Images are always a problem. I run a tech forum (not electronics) and out of the 160GB server space, 112GB is used and of that about 60GB is user-contributed images. We actually spent some effort on keeping a lid on that, because most people are clueless and happily post a 20MB image, so we downsize stuff, etc. But still we have 60GB of it, after 13 years of running. Quality hosting (not some shit outfit like AWS) costs $100/month and you don't want to keep doubling and doubling that.

Also image upload is heavily browser dependent. You can throw in a library like dropzone but have to keep updating it. On another site I run we did it using basic HTML commands and it runs ok with Chrome, FF but not with some versions of Safari.

There are really no newer and better forum packages.
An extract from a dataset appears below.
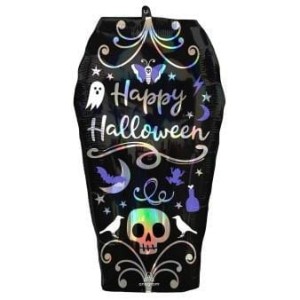 BALON FOLIOWY SUPERSHAPE IRIDESCENT COFFIN 38X68CM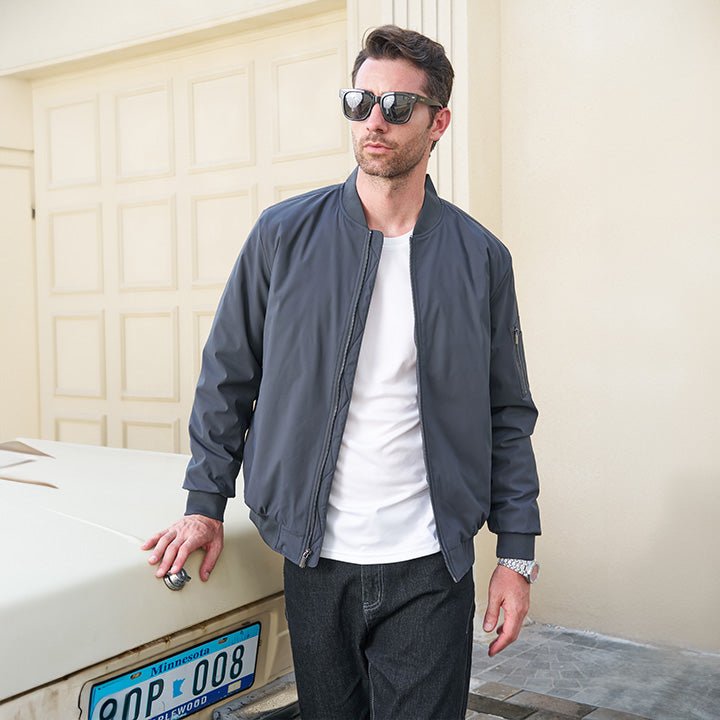 Men's Quilted Windproof Bomber Jacket with Pockets - Stylish, Durable All-Season Outerwear for Men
The online community universe has moved on. If you want to create a forum into which people toss in banal one-liners (facebook, twatter, instagram sort of thing) then Discourse is OK but that was done in Ruby so again not a good way to go into the future. This forum package is good for tech subjects and detailed posts. And it probably doesn't get successfully attacked. There are many machines out there which run queries designed to exploit database structures and specifically generate slow queries, to eat CPU time. I am blocking one Hetzner /24 subnet after another because of these attacks. Extra indexes also help of course.

Advertising gets mostly adblocked so the revenue is not great.
« Last Edit: May 12, 2025, 03:56:14 pm by peter-h »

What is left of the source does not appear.